:: TASK ITEM ::
Would you please print exactly the lines that run from the one with "Woven Superblend back" to the last line of the data, both included, without any pictures?

[PROVIDED INFORMATION Boundary: Start]

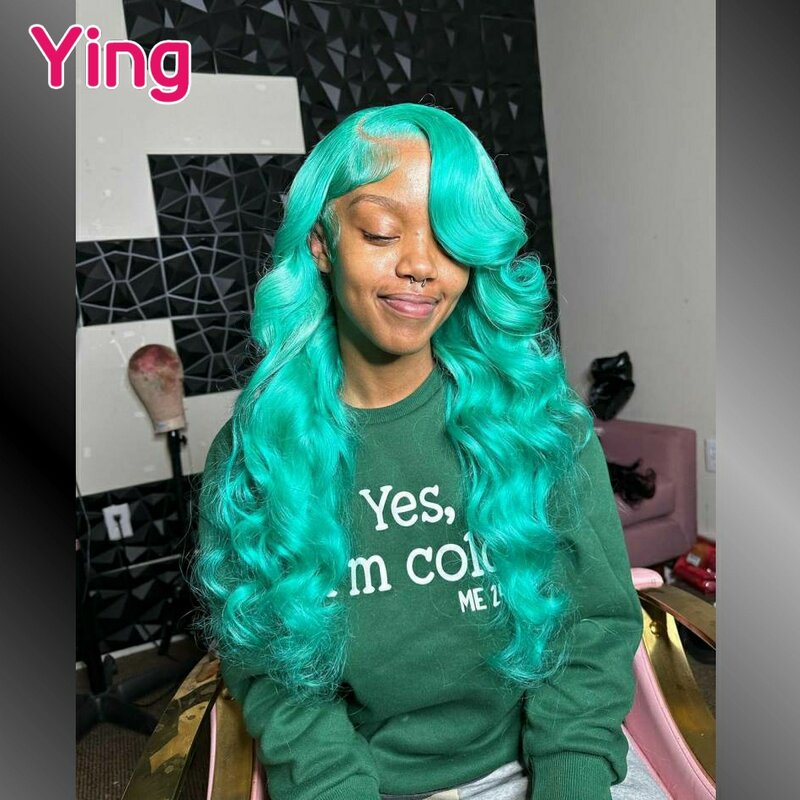 Ying Mint verde colorido peruca de onda do corpo, peruca frontal do laço, pré-arrancado com cabelo de bebê, peruca frontal transparente do laço, 200%, 13x4, 13x6, 34 em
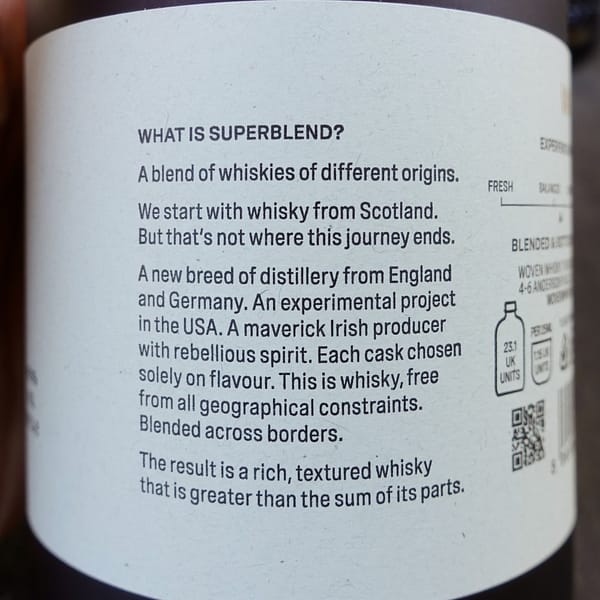 Woven Superblend back label describing the across borders blending philosophy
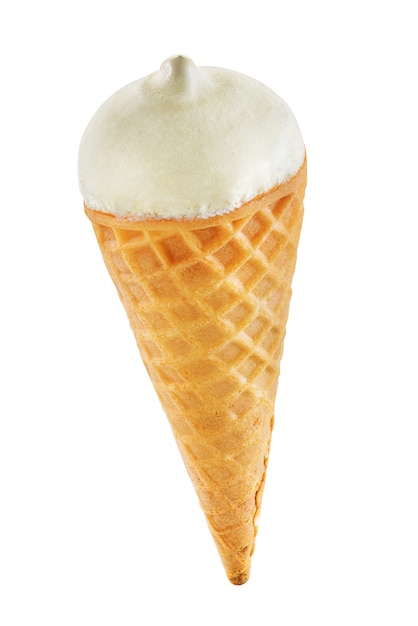 Premium Photo | Vanilla ice cream cone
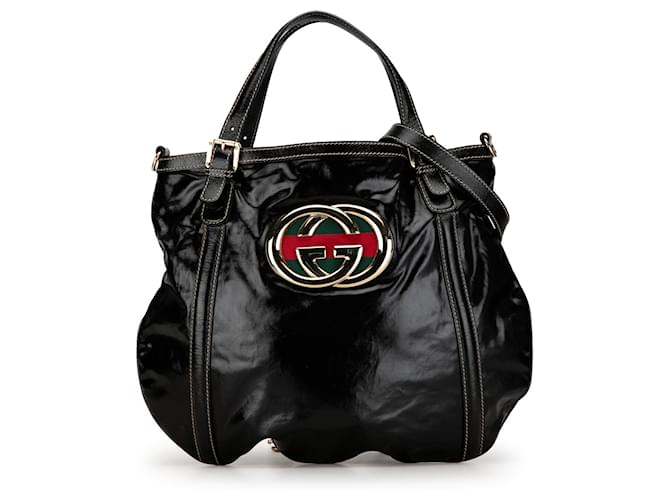 Schwarze Gucci Patent Dialux Britt Hobo-Tasche Leder  ref.1443189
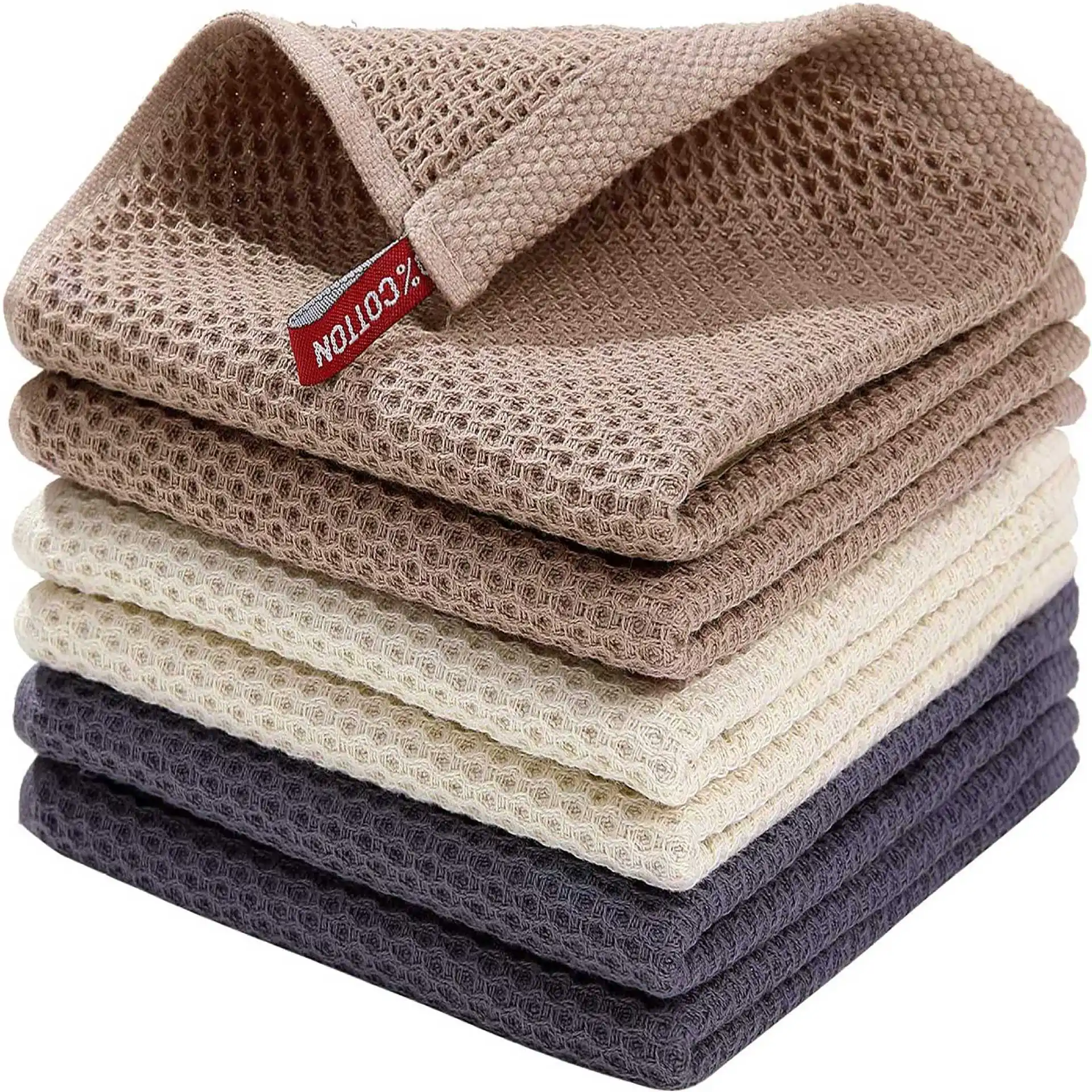 1/6-teiliges, heiß verkauftes quadratisches Küchenhandtuch-Set aus reiner Baumwolle mit Wabenstruktur, leicht zu reinigen, mit Haken, Waffel, 30 x 30 cm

[PROVIDED INFORMATION Boundary: End]

:: RESULT OF THE EXERCISE ::
 Woven Superblend back label describing the across borders blending philosophy
 Premium Photo | Vanilla ice cream cone
 Schwarze Gucci Patent Dialux Britt Hobo-Tasche Leder  ref.1443189
 1/6-teiliges, heiß verkauftes quadratisches Küchenhandtuch-Set aus reiner Baumwolle mit Wabenstruktur, leicht zu reinigen, mit Haken, Waffel, 30 x 30 cm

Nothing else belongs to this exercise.